Nesse caso, perceberam que, na prática, as interações e aplicações dessas tecnologias resultam em “cada um fazendo do seu jeito”. Outro aspecto que destacaram é que a ética é vista como algo relacionado apenas à esfera individual. E este é um fator que tenderá a reforçar a ideia de que as tecnologias são neutras: nas mãos erradas, irão gerar danos; nas mãos certas, proporcionarão benefícios.

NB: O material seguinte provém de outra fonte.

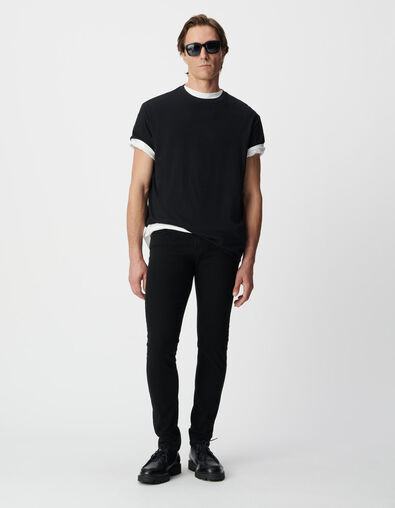 Vaqueros pitillo negros Ian Hombre - IKKS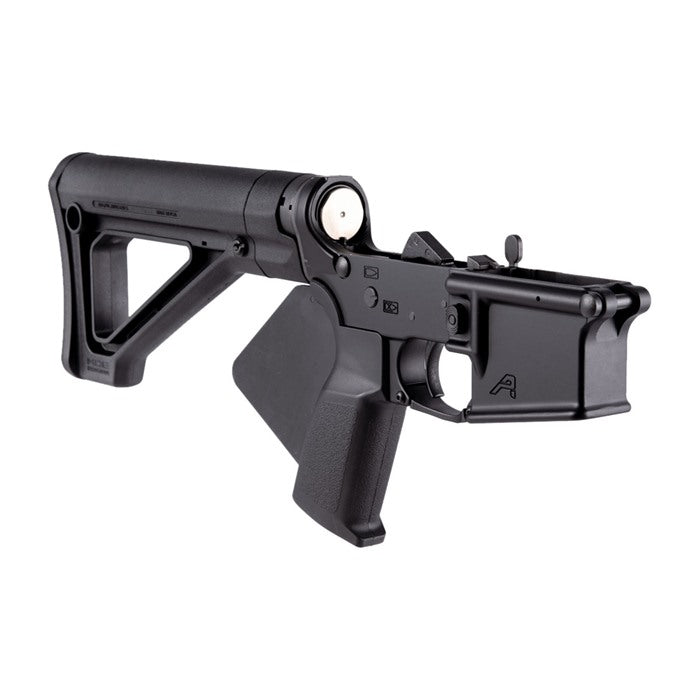 Aero Precision AR-15 Featureless Complete Lower w/ Magpul Fixed Carbine Stock - Black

O seminário terminou com o grupo IA e Gênero, que apresentou o conteúdo do texto produzido. Os membros reforçaram que as tecnologias não são neutras, à medida que são geridas e, em grande parte, produzidas a partir de um recorte de gênero, etnias e classe, dentre outros fatores. A mesa teve como convidada Joana Varon, fundadora do Coding Rights. Ela destacou a necessidade de difundir perspectivas decoloniais, feministas, antirracistas e ecológicas na compreensão da IA.
Assim, entendendo que responsabilidade é garantir diversidade e cumprimento da lei em seus aspectos essenciais, como os direitos da pessoa humana e da terra no bem viver e coexistir, os desafios da IAR vão além dos esforços de regulamentação. É sobre que mundo queremos, como queremos e o que estamos dispostos a abrir mão para que ele seja possível.